Lesson 15: How to Catch a Liar With Math

Part 1

A Strange Question

Quick — think of a number. Any number. The population of a city. The price of a house. The number of followers someone has. The distance to a star.

Now look at the first digit of that number. Is it a 1? A 5? A 9?

You'd think every digit (1 through 9) would show up equally often as the first digit — about 11% each. That seems logical, right?

It's completely wrong.

In the real world, the digit 1 appears as the first digit about 30% of the time. The digit 2 appears about 17%. The digit 9? Only about 5%.

This isn't a coincidence. It's a mathematical law discovered over 100 years ago, and it's so reliable that investigators use it to catch people who fake their numbers. It's called Benford's Law.

Part 2

Seeing It With Real Data

Let's look at the first digits of real-world numbers. We'll start with country populations:

# Populations of 30 countries (approximate, in millions)
populations = [
    1412, 1408, 334, 277, 223, 216, 211, 171, 167, 149,
    129, 127, 115, 112, 105, 99, 87, 84, 83, 70,
    68, 67, 66, 60, 59, 55, 52, 47, 46, 45
]

# Count the first digits
digit_counts = {1: 0, 2: 0, 3: 0, 4: 0, 5: 0, 6: 0, 7: 0, 8: 0, 9: 0}

for pop in populations:
    first_digit = int(str(pop)[0])
    digit_counts[first_digit] = digit_counts[first_digit] + 1

# Display
total = len(populations)
print(f"FIRST DIGITS OF {total} COUNTRY POPULATIONS")
print("═" * 40)
print()

for digit in range(1, 10):
    count = digit_counts[digit]
    pct = count / total * 100
    bar = "█" * int(pct / 3) + "░" * (12 - int(pct / 3))
    print(f"  {digit}: {bar} {pct:5.1f}% ({count})")

print()
print("Notice: 1 appears WAY more than 9!")
print("This isn't a coincidence...")

What Just Happened

str(pop)[0] converts the number to text, then grabs the first character.
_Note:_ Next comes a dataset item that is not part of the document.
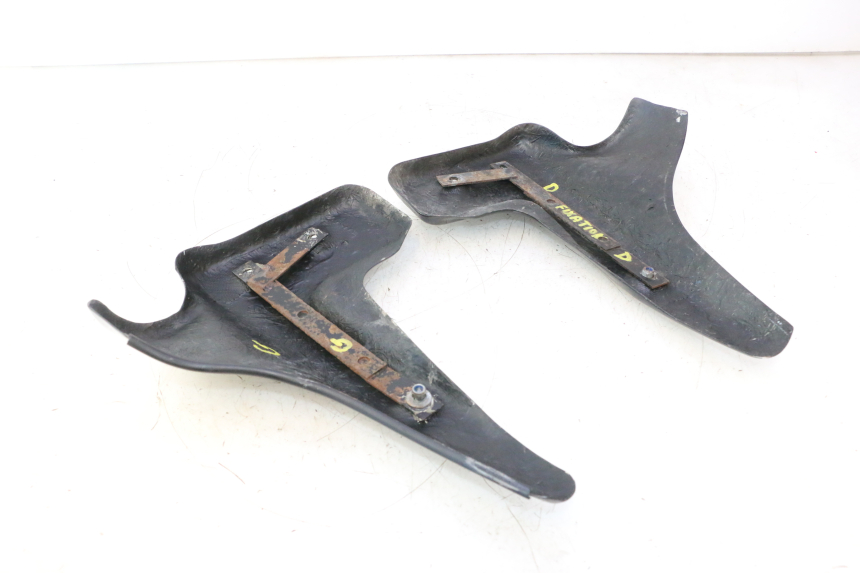 photo de TOMA DE RADIADOR YAMAHA XJR 1300 (1998 - 2002) - Vista de perto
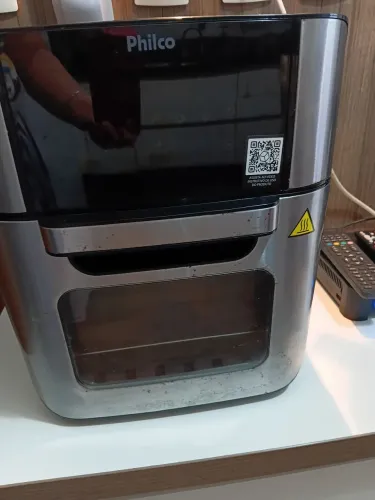 Vendo ayr frier 1800w ótimo estado funciona perfeito 220w todas as funções marca philco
So 1412 → "1412" → "1".

int(str(pop)[0]) converts it back to a number so we can use it as a dictionary key.

Look at the result: the digit 1 dominates. This is real data from real countries. The pattern is already visible.

Part 3

The Law

Benford's Law predicts exactly how often each first digit should appear:

# Benford's Law: expected percentage for each first digit
benford = {
    1: 30.1, 2: 17.6, 3: 12.5, 4: 9.7, 5: 7.9,
    6: 6.7,  7: 5.8,  8: 5.1,  9: 4.6
}

print("BENFORD'S LAW — Expected First Digits")
print("═" * 40)
print()

for digit in range(1, 10):
    pct = benford[digit]
    bar = "█" * int(pct / 2) + "░" * (16 - int(pct / 2))
    print(f"  {digit}: {bar} {pct:.1f}%")

print()
print("  1 appears 30% of the time!")
print("  9 appears only 5% of the time!")
print()
print("  This pattern shows up in populations,")
print("  prices, street addresses, river lengths,")
print("  financial data, and much more.")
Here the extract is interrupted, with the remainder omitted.